INFORMATION SUPPLIED
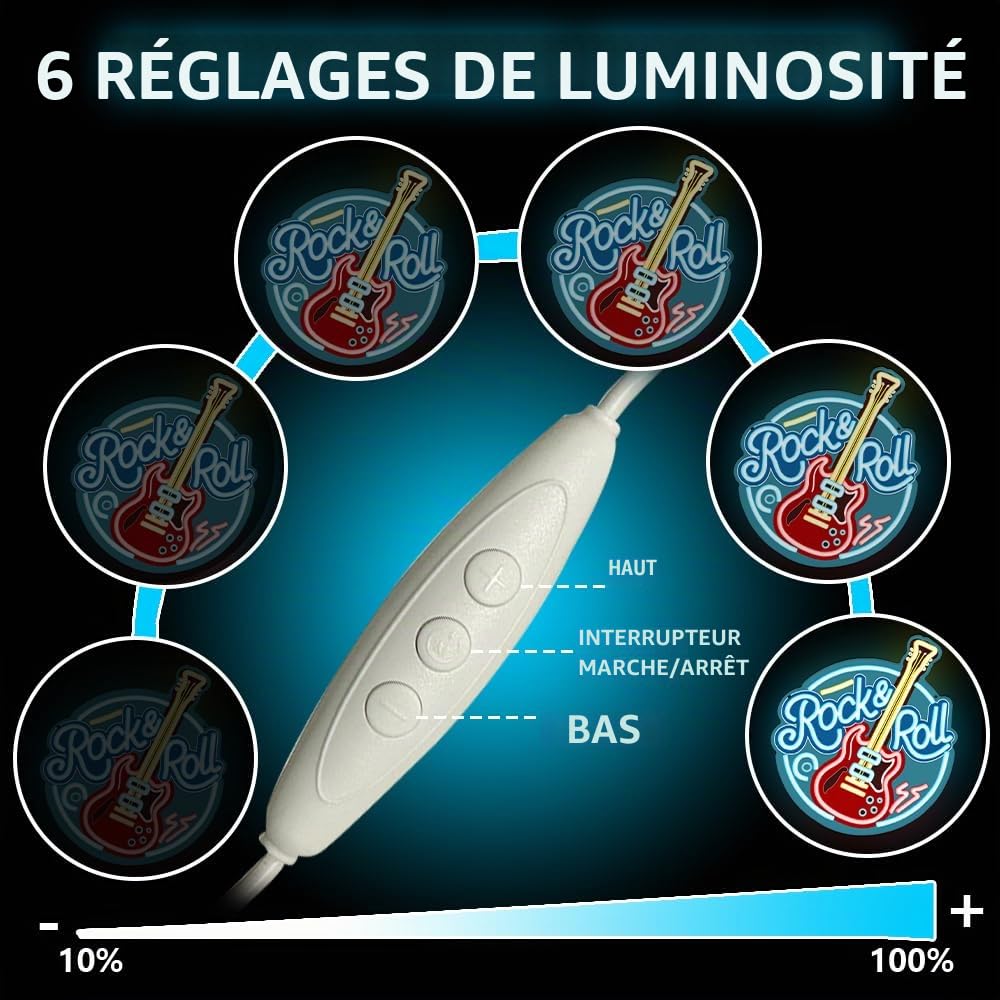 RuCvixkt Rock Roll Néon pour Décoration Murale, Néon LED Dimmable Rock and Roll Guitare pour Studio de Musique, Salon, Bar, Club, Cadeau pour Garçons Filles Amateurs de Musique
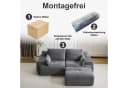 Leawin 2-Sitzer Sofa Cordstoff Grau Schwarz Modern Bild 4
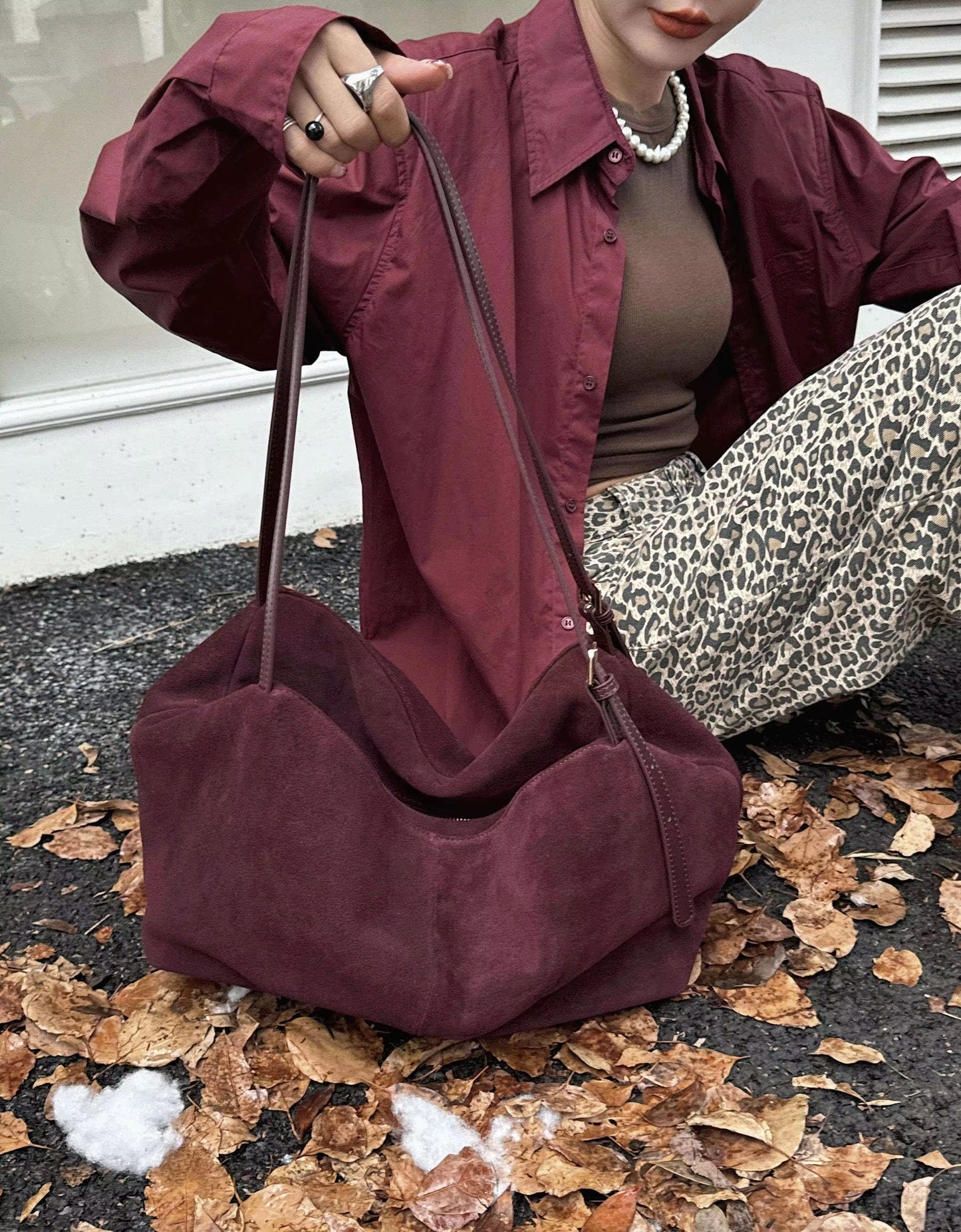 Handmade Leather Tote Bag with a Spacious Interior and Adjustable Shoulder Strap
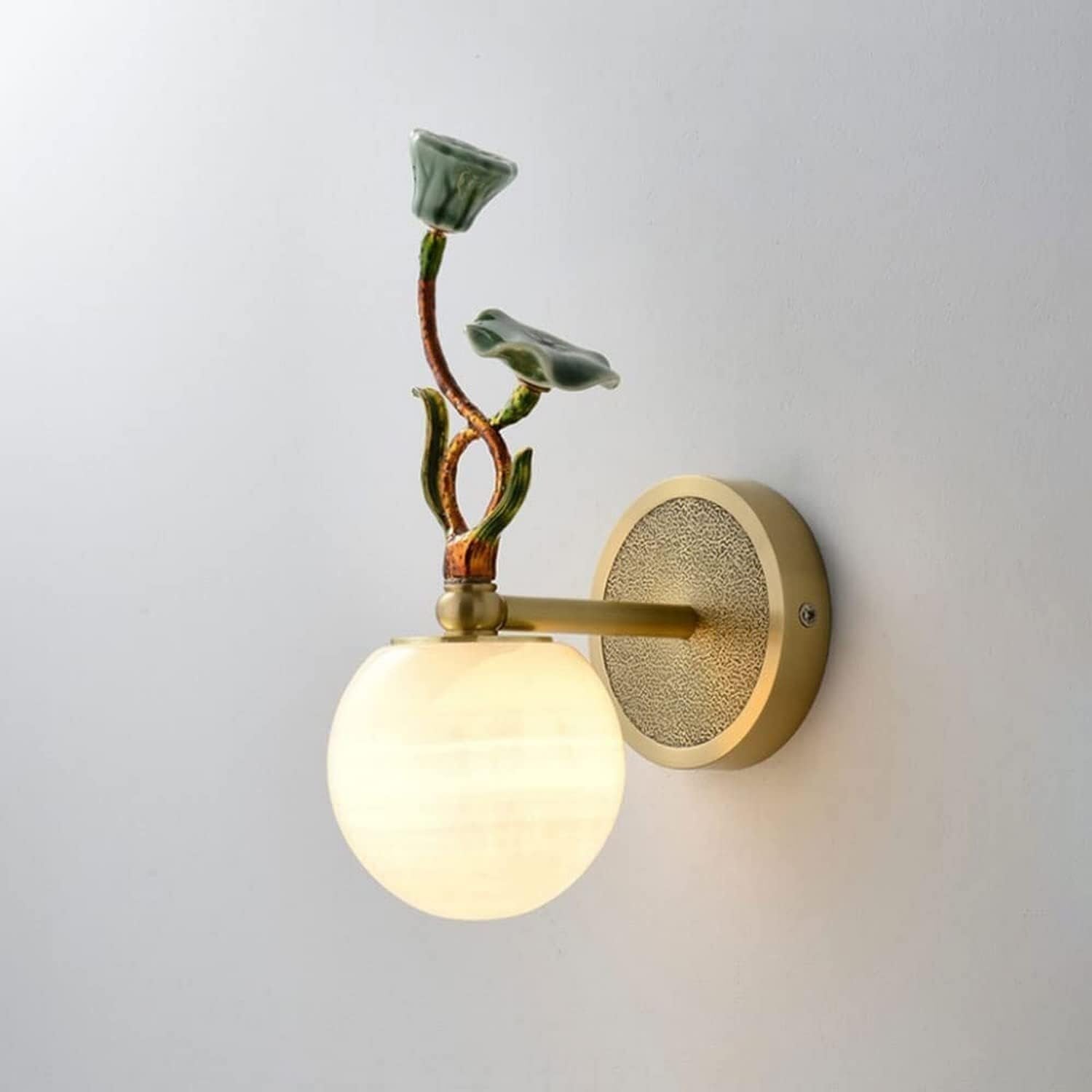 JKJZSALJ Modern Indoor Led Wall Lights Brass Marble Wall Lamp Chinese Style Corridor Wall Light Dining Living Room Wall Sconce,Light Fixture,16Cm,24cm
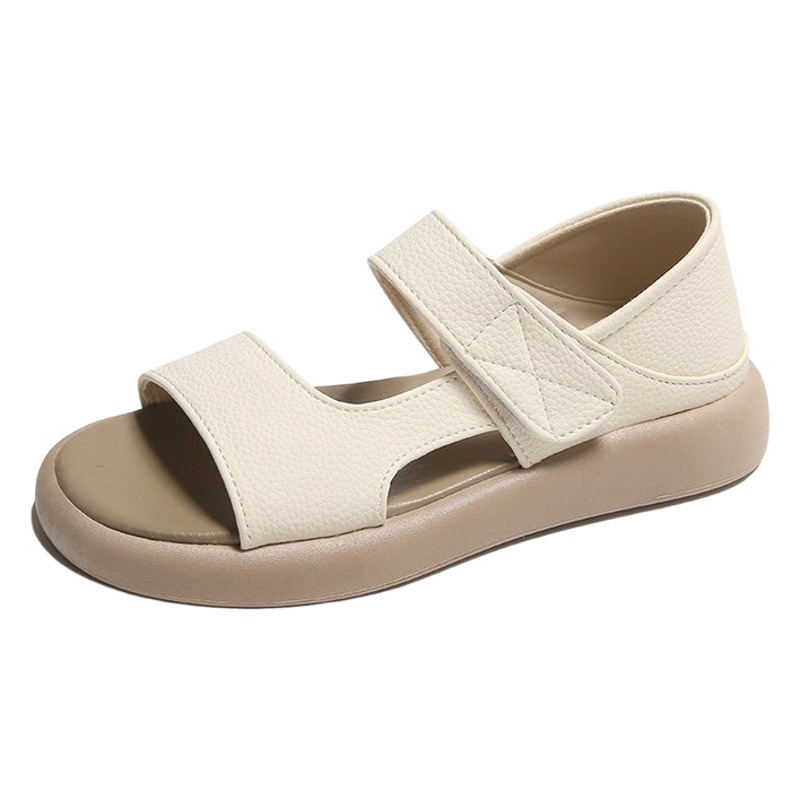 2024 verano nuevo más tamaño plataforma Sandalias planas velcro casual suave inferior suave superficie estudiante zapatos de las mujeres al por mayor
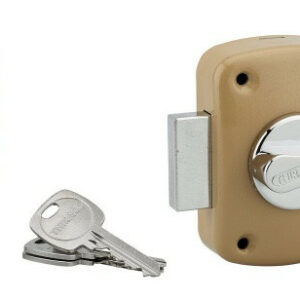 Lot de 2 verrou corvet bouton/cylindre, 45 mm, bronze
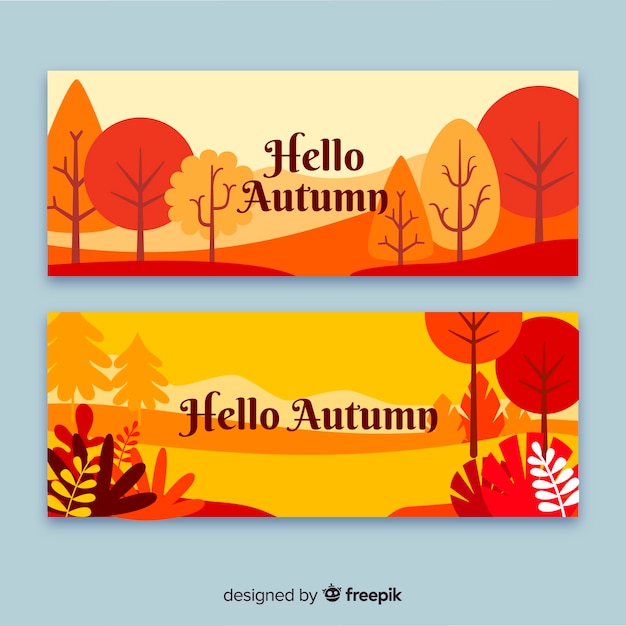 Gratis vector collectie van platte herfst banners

WHAT THE TASK ASKS
An exact copy of all the data above is required; omit any pictures.

RESPONSE AREA
 RuCvixkt Rock Roll Néon pour Décoration Murale, Néon LED Dimmable Rock and Roll Guitare pour Studio de Musique, Salon, Bar, Club, Cadeau pour Garçons Filles Amateurs de Musique
 Leawin 2-Sitzer Sofa Cordstoff Grau Schwarz Modern Bild 4
 Handmade Leather Tote Bag with a Spacious Interior and Adjustable Shoulder Strap
 JKJZSALJ Modern Indoor Led Wall Lights Brass Marble Wall Lamp Chinese Style Corridor Wall Light Dining Living Room Wall Sconce,Light Fixture,16Cm,24cm
 2024 verano nuevo más tamaño plataforma Sandalias planas velcro casual suave inferior suave superficie estudiante zapatos de las mujeres al por mayor
 Lot de 2 verrou corvet bouton/cylindre, 45 mm, bronze
 Gratis vector collectie van platte herfst banners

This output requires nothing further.